WORK ITEM. Return the entries exactly as they appear.

(DATASET)

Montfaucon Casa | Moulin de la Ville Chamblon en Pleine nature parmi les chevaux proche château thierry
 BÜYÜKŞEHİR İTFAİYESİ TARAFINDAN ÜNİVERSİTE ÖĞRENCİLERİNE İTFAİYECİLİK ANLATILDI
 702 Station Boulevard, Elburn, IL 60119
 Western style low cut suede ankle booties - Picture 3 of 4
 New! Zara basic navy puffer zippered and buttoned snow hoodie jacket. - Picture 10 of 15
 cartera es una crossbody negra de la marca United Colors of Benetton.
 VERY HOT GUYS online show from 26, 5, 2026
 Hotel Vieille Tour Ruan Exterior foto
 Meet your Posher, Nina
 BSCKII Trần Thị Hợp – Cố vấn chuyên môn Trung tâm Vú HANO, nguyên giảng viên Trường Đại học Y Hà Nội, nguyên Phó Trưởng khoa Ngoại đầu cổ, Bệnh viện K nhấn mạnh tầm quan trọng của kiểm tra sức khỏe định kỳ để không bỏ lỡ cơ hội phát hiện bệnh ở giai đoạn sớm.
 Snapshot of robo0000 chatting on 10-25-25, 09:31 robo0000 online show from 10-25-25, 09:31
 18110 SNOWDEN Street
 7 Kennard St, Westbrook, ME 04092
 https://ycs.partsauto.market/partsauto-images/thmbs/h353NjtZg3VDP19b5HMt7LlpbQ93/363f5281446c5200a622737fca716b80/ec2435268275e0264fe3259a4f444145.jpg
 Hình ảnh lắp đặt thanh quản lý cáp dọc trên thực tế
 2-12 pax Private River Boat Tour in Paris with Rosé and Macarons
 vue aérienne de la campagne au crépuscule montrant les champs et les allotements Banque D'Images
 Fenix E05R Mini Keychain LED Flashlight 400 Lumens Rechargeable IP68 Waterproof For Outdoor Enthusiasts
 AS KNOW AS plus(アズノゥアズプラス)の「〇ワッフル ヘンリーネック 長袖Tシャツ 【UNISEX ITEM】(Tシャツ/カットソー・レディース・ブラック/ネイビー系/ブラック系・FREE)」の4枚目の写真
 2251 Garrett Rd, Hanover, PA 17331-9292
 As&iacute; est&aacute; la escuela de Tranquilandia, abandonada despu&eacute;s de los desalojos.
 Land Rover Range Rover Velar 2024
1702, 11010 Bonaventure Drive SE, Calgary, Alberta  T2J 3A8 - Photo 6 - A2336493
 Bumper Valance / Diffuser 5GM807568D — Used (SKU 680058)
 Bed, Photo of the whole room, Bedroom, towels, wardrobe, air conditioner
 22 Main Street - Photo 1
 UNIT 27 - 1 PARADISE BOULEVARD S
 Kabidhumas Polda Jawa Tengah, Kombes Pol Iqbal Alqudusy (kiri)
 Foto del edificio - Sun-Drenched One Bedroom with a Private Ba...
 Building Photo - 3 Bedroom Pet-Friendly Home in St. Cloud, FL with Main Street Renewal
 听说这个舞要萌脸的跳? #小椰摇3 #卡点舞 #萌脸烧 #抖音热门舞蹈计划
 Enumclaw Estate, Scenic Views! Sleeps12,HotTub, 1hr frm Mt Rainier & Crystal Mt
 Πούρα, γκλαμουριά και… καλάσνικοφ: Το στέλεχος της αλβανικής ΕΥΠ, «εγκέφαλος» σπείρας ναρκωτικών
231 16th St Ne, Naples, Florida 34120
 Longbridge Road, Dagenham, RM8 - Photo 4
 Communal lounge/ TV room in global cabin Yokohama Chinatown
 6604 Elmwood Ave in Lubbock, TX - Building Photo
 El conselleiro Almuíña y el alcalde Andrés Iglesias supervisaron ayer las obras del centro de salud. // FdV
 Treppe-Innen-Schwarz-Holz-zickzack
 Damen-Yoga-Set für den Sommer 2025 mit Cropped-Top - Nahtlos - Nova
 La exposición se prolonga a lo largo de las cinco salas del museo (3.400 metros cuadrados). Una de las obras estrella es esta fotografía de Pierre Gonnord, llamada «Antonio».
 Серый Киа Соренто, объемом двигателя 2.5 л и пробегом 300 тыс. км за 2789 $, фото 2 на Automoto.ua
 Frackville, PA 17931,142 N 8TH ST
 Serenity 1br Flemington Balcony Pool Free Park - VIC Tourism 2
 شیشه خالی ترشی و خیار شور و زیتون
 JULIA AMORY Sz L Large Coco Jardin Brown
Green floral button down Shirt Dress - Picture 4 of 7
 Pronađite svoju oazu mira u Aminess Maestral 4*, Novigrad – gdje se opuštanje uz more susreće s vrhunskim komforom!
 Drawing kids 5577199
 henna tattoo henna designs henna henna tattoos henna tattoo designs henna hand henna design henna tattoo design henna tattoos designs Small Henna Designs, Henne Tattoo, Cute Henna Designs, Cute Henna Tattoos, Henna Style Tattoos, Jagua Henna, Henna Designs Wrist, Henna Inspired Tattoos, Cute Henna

(End DATASET)

FINISHED TASK.
Montfaucon Casa | Moulin de la Ville Chamblon en Pleine nature parmi les chevaux proche château thierry
 BÜYÜKŞEHİR İTFAİYESİ TARAFINDAN ÜNİVERSİTE ÖĞRENCİLERİNE İTFAİYECİLİK ANLATILDI
 702 Station Boulevard, Elburn, IL 60119
 Western style low cut suede ankle booties - Picture 3 of 4
 New! Zara basic navy puffer zippered and buttoned snow hoodie jacket. - Picture 10 of 15
 cartera es una crossbody negra de la marca United Colors of Benetton.
 VERY HOT GUYS online show from 26, 5, 2026
 Hotel Vieille Tour Ruan Exterior foto
 Meet your Posher, Nina
 BSCKII Trần Thị Hợp – Cố vấn chuyên môn Trung tâm Vú HANO, nguyên giảng viên Trường Đại học Y Hà Nội, nguyên Phó Trưởng khoa Ngoại đầu cổ, Bệnh viện K nhấn mạnh tầm quan trọng của kiểm tra sức khỏe định kỳ để không bỏ lỡ cơ hội phát hiện bệnh ở giai đoạn sớm.
 Snapshot of robo0000 chatting on 10-25-25, 09:31 robo0000 online show from 10-25-25, 09:31
 18110 SNOWDEN Street
 7 Kennard St, Westbrook, ME 04092
 https://ycs.partsauto.market/partsauto-images/thmbs/h353NjtZg3VDP19b5HMt7LlpbQ93/363f5281446c5200a622737fca716b80/ec2435268275e0264fe3259a4f444145.jpg
 Hình ảnh lắp đặt thanh quản lý cáp dọc trên thực tế
 2-12 pax Private River Boat Tour in Paris with Rosé and Macarons
 vue aérienne de la campagne au crépuscule montrant les champs et les allotements Banque D'Images
 Fenix E05R Mini Keychain LED Flashlight 400 Lumens Rechargeable IP68 Waterproof For Outdoor Enthusiasts
 AS KNOW AS plus(アズノゥアズプラス)の「〇ワッフル ヘンリーネック 長袖Tシャツ 【UNISEX ITEM】(Tシャツ/カットソー・レディース・ブラック/ネイビー系/ブラック系・FREE)」の4枚目の写真
 2251 Garrett Rd, Hanover, PA 17331-9292
 As&iacute; est&aacute; la escuela de Tranquilandia, abandonada despu&eacute;s de los desalojos.
 Land Rover Range Rover Velar 2024
1702, 11010 Bonaventure Drive SE, Calgary, Alberta  T2J 3A8 - Photo 6 - A2336493
 Bumper Valance / Diffuser 5GM807568D — Used (SKU 680058)
 Bed, Photo of the whole room, Bedroom, towels, wardrobe, air conditioner
 22 Main Street - Photo 1
 UNIT 27 - 1 PARADISE BOULEVARD S
 Kabidhumas Polda Jawa Tengah, Kombes Pol Iqbal Alqudusy (kiri)
 Foto del edificio - Sun-Drenched One Bedroom with a Private Ba...
 Building Photo - 3 Bedroom Pet-Friendly Home in St. Cloud, FL with Main Street Renewal
 听说这个舞要萌脸的跳? #小椰摇3 #卡点舞 #萌脸烧 #抖音热门舞蹈计划
 Enumclaw Estate, Scenic Views! Sleeps12,HotTub, 1hr frm Mt Rainier & Crystal Mt
 Πούρα, γκλαμουριά και… καλάσνικοφ: Το στέλεχος της αλβανικής ΕΥΠ, «εγκέφαλος» σπείρας ναρκωτικών
231 16th St Ne, Naples, Florida 34120
 Longbridge Road, Dagenham, RM8 - Photo 4
 Communal lounge/ TV room in global cabin Yokohama Chinatown
 6604 Elmwood Ave in Lubbock, TX - Building Photo
 El conselleiro Almuíña y el alcalde Andrés Iglesias supervisaron ayer las obras del centro de salud. // FdV
 Treppe-Innen-Schwarz-Holz-zickzack
 Damen-Yoga-Set für den Sommer 2025 mit Cropped-Top - Nahtlos - Nova
 La exposición se prolonga a lo largo de las cinco salas del museo (3.400 metros cuadrados). Una de las obras estrella es esta fotografía de Pierre Gonnord, llamada «Antonio».
 Серый Киа Соренто, объемом двигателя 2.5 л и пробегом 300 тыс. км за 2789 $, фото 2 на Automoto.ua
 Frackville, PA 17931,142 N 8TH ST
 Serenity 1br Flemington Balcony Pool Free Park - VIC Tourism 2
 شیشه خالی ترشی و خیار شور و زیتون
 JULIA AMORY Sz L Large Coco Jardin Brown
Green floral button down Shirt Dress - Picture 4 of 7
 Pronađite svoju oazu mira u Aminess Maestral 4*, Novigrad – gdje se opuštanje uz more susreće s vrhunskim komforom!
 Drawing kids 5577199
 henna tattoo henna designs henna henna tattoos henna tattoo designs henna hand henna design henna tattoo design henna tattoos designs Small Henna Designs, Henne Tattoo, Cute Henna Designs, Cute Henna Tattoos, Henna Style Tattoos, Jagua Henna, Henna Designs Wrist, Henna Inspired Tattoos, Cute Henna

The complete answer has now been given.